This post is slightly different, but I needed to put it somewhere accessible and my blog seems as good a place as any. It's certainly poetry-related!
A friend of mine is working on making her first chapbook. She had some questions about the procedure and was curious as to what kind of a device, if any, I use to facilitate putting the holes in the spine. I went down to my studio to take a picture of said device (which Ted made for me; it's very handy having a handy person around), then ended up employing the "picture is worth a thousand words" technique and photographing the whole sequence.
So, here we go. I'm sewing a copy of George Bowering's chapbook, Los Pájaros de Tenacatita.

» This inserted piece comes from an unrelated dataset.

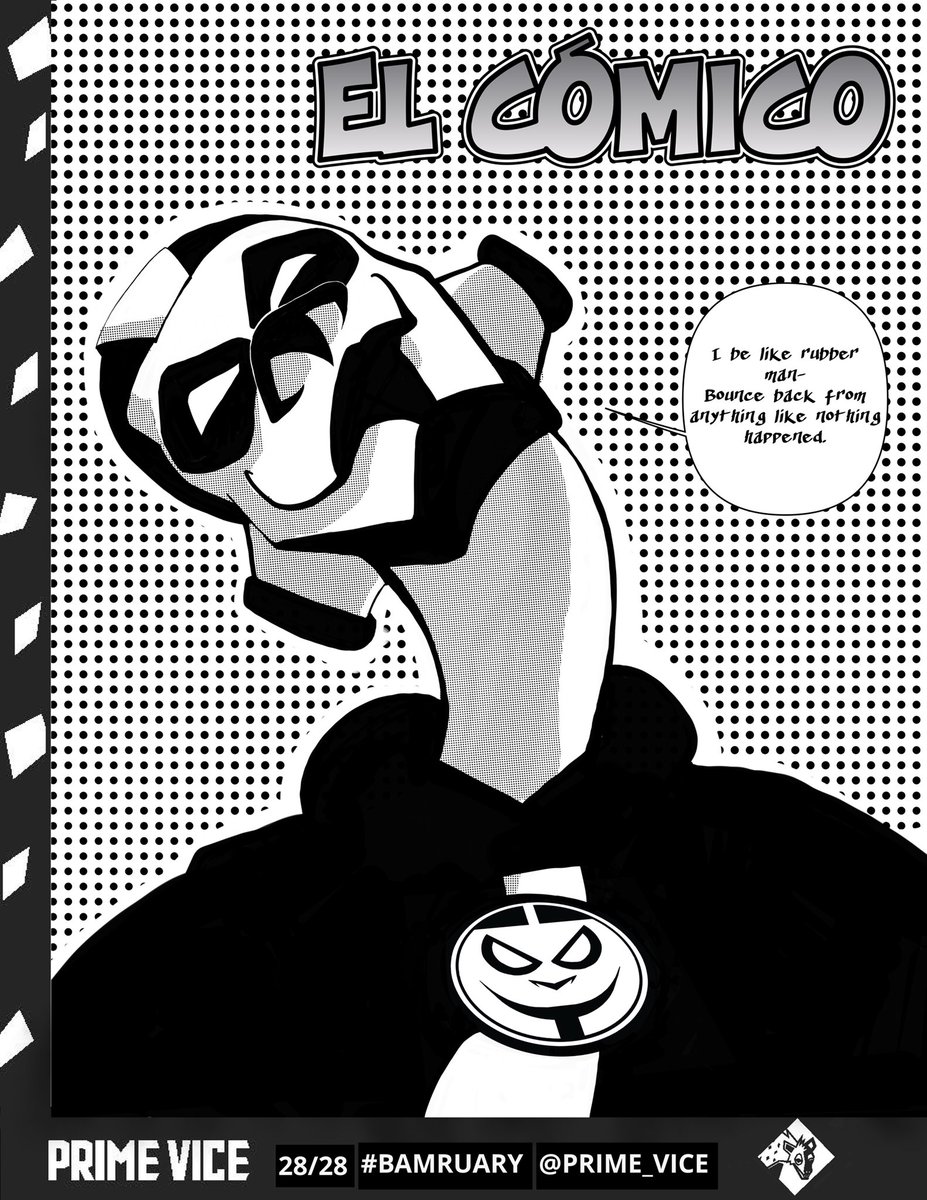 prime_vice's tweet photo. 28/28 of #Bamruary. Last but not least for this month’s project Comedian turned superhero #elcomico. Bio by @ananyavahal. Created on @comicdrawapp #blackawarenessmonth #blacksuperheroes #dominicansuperhero #comedians #comic #comicdraw #comicdrawapp #pvcomics #primevice https://t.co/gBdNi1ijLd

|The wood device Ted made me that is responsible for the next 19 pictures!|
|Make sure your pages are as square as can be|
|Keep as much of it as you can perfectly lined up|
|Gently coax it so that the edges line up as perfectly as possible (which won't be completely perfect as a rule)|
|You're now ready to lie it down and crease the spine|
|Meet the bone creaser, so named because they were originally made from bone but now are made of some sort of hard plastic. While you're at it, meet the awl I use, which is only here to show the relative size of the business end.|
|Obviously your going to hold the book down as in the picture directly above while you drag the bone creaser down the spine. There was only so much I could do whilst taking this photo!|
|Now you're ready for book to meet that wooden thing Ted made|
|I just eyeball the hole positions. Do the middle one first, then the other two.|
|Starting from the cover side, insert needle through the centre hole.|
|Now go back through one of the other holes|
|Note that you've left a tail about 2.5" (just over 6cm) long in the middle. Now take a giant step and go back through the remaining empty hole.|
|Your last sewing moment is to go back through that same middle hole and come out on the cover side.|
|Make sure the two loose ends are on either side of the long stitch|
|Tie a square knot around that long stitch. Tie it tight. Trim the ends to whatever length makes you happy. Mine are around an inch (which we all know is 2.54cm).|
|Here's a fuzzy look at that fan-creep you end up with. It's the nature of the beast.|
|Meet my guillotine. I realize most people don't have these in their basements. You can bundle up your sewn books at this point and take them to your trusty printer who probably has one that's a lot fancier (and more accurate) than this one.|
|I'm going to trim about 3/16" (1/2 cm) off the edge. I'm not going to show you a picture of this because the guillotine is very sensibly made to only work when you employ both hands pushing buttons that are far away from that blade!|
|Voilà! All done. And remember, as in all things practice makes perfect.|
And here, by popular request (okay, one person asked), are pix of all four of my own chapbooks.
Actually, I have one more chapbook with about four or five poems in it, titled Tea in a China Cup, but somehow I didn't hang onto a copy of that one nor get a picture of it. It was cute, too. Sort of square, if memory serves. I'll have to try to track one down.